▸ Activity: Could you copy exactly the lines below from the one with "Las peluquerías de" to the one with "Eskadron Platinum Springzadeldekje", inclusive, leaving out any pictures?

▸ Dataset entries:
-- -- --

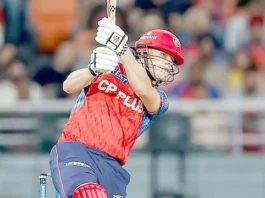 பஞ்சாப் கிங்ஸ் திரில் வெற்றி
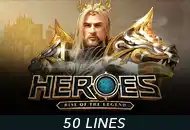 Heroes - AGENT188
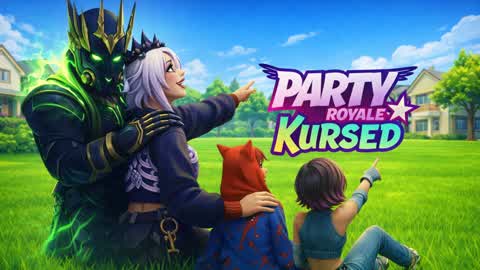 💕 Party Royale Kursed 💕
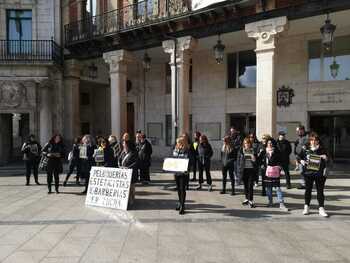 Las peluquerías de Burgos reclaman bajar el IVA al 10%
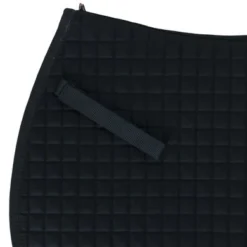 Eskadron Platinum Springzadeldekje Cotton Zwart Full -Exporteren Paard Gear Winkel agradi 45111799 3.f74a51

-- -- --

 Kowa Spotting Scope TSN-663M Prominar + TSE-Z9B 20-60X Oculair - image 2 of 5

-- -- --

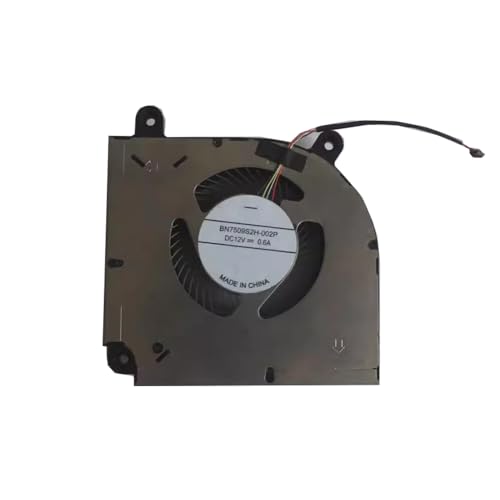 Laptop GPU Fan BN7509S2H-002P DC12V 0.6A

-- -- --

▸ Task result:
 Las peluquerías de Burgos reclaman bajar el IVA al 10%
 Eskadron Platinum Springzadeldekje Cotton Zwart Full -Exporteren Paard Gear Winkel agradi 45111799 3.f74a51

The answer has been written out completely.